04_buildHeader.Rmd
title: "sPlot3.0 - Build Header"
author: "Francesco Maria Sabatini"
date: "2/4/2020"
output: html_document
\newline
Timestamp: r date()
Drafted: Francesco Maria Sabatini
Revised: Helge Bruelheide
Version: 1.2
This report documents the construction of the header file for sPlot 3.0. It is based on dataset sPlot_3.0.2, received on 24/07/2019 from Stephan Hennekens.
Changes in version 1.1
- Excluded plots from Canada, as recommended by Custodian
- Filled missing info from most of the ~2000 plots without country information from these datasets.
- Corrected mismatched sBiomes and ecoregions
Changes in version 1.2 - Reassigned coordinates to ~19.000 misplaced plots (mostly from SOPHY or in Hungary).

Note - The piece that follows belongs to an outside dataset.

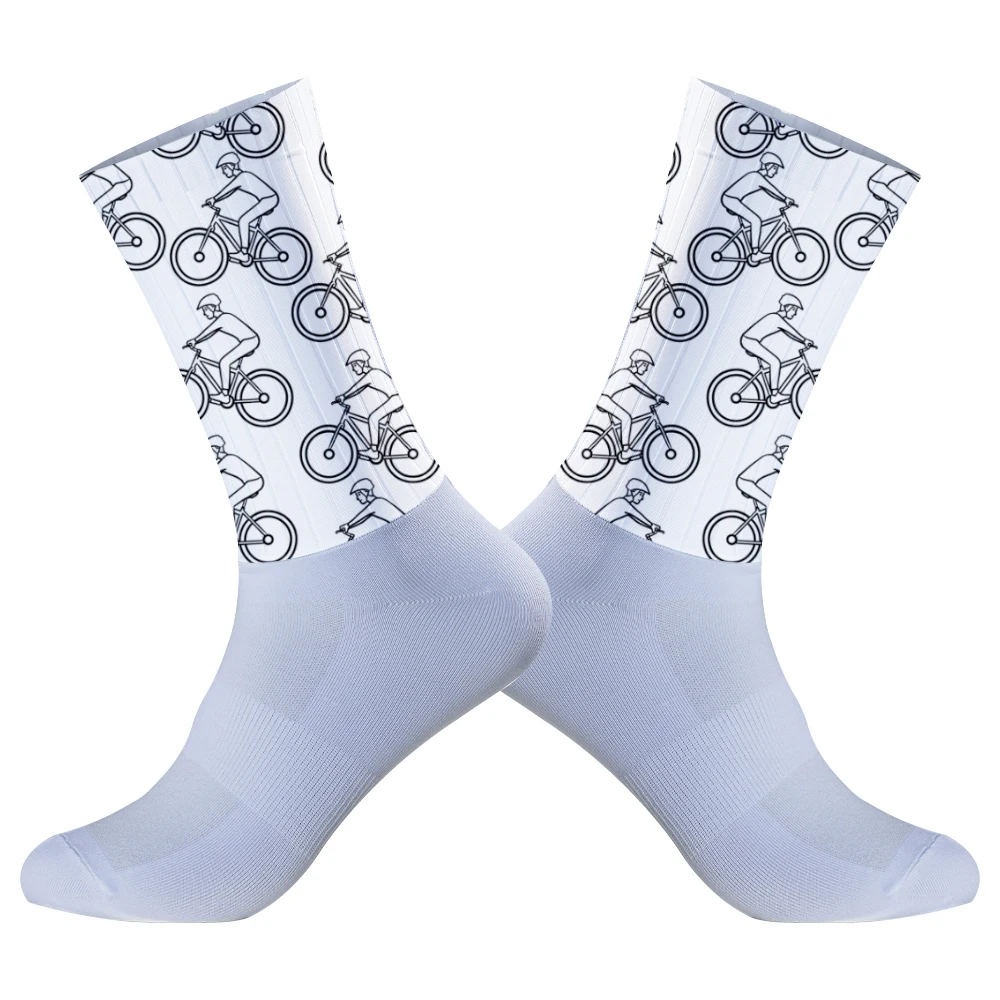 Calcetines antideslizantes de silicona para ciclismo profesional, medias deportivas de lunares para bicicleta al aire libre, novedad de verano 2024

Assigned country level centroids
- Corrected mismatched CONTINENTS & Countries
- Added graphs to check assignment to continents or countries
knitr::opts_chunk$set(echo = TRUE)
library(tidyverse)
library(purrr)
library(viridis)
library(readr)
library(xlsx)
library(knitr)
library(kableExtra)
## Spatial packages
library(rgdal)
library(sp)
library(rgeos)
library(raster)
library(rworldmap)
library(elevatr)
library(sf)
library(rnaturalearth)
library(dggridR)
library(shotGroups) #minCircle
#save temporary files
write("TMPDIR = /data/sPlot/users/Francesco/_tmp", file=file.path(Sys.getenv('TMPDIR'), '.Renviron'))
write("R_USER = /data/sPlot/users/Francesco/_tmp", file=file.path(Sys.getenv('R_USER'), '.Renviron'))
rasterOptions(tmpdir="/data/sPlot/users/Francesco/_tmp")
1 Import data
Import header data. Clean header data from quotation and double quotation marks from linux terminal.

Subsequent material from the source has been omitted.